4. Остальное я изложу тезисно, оставив время для вопросов:
А. Переход к демонтажу союзных структур вовсе не означает, что мы больше никогда не услышим об очередных прорывах в интеграции, поскольку пока не приходится говорить, что белорусско-российские отношения утратили цикличность. Просто за медиа-всплесками интереса к «интеграции» следует различать действительное положение дел — «дозревание» суверенитетов, автономизацию экономических комплексов, переориентацию внешней торговли, формирование и отстаивание собственных интересов.
B. По мере достижения Союзным государством своих реальных целей, т. е. (мы удерживаем в уме, что СГ — э то буферная форма) по мере достижения определенного уровня государственной независимости Россией и Беларусью, контракт в виде Договора 1999 г. потребует замены на «контракт» более высокого уровня, в котором суверенитет, раздел сфер влияния, автономия стран в различных сферах будут прописаны более четко. Это может быть не один документ, а их обширная серия: соглашение о вступлении в ВТО, заключение какого-нибудь «большого энергоконтракта» с ЕС, заключение меморандума между ОДКБ и НАТО и т. д.

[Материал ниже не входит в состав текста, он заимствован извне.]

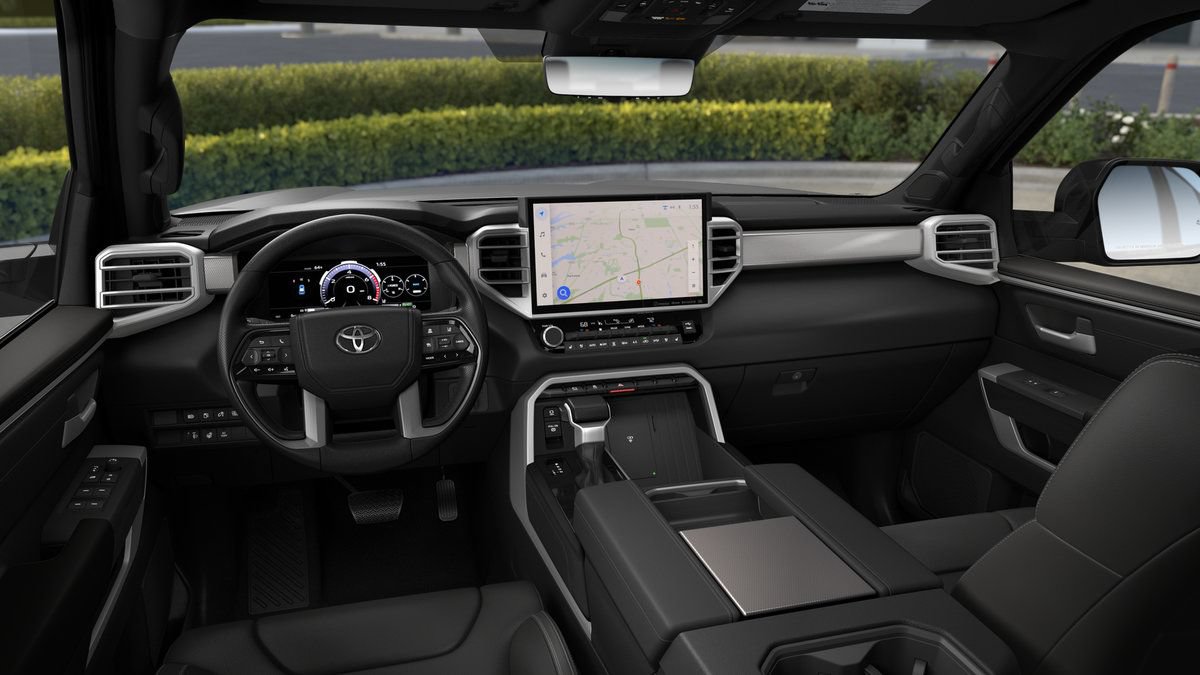New 2026 Toyota Sequoia Limited w/ Nightshade Package RWD image 19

С. Буферная форма — это такая форма, в рамках которой возможно сохранять неясность относительно прав собственности, избегать различений на «твоё» и «моё», полагая нечто по умолчанию «единым», «общим», не называя его при этом и таковым, — все это позволяет избегать крупных конфликтов, хотя с течением времени генерировать мелкие конфликты и ссоры. «Буферная форма» определенным образом связана с местными представлениями о «транзите», поскольку именно в буферной зоне подобный транзит возможен. В текстах, который я предложила вам для ознакомления, содержится толкование транзитного статуса страны, который позволяет ей находиться в состоянии «транзита» или «перехода» какой-то длительный и, в общем, неопределенный срок. Это означает, что «транзитная» страна может в удобный для себя момент предстать как часть чего-то общего, а в другой момент — как самостоятельная и независимая. К примеру, во время «нефтяной войны» с Россией в начале 2007 г. Беларусь выступала как самостоятельная страна с собственным бюджетом (поэтому экспортные пошлины на нефтепродукты должны быть перечислены в белорусский бюджет), с другой же — как часть союзного государства, как часть материнской экономики (поэтому пошлины на экспорт нефти в Беларусь вводить в принципе недопустимо). Равным образом, экономические агенты могут выступать в качестве «российских» в случае, когда сбывают свою продукцию на российском рынке, но в то же время пользоваться защитным экраном государства, действуя на внутреннем рынке.
В настоящий момент «транзитный» потенциал Беларуси уверенно приближается к своему исчерпанию.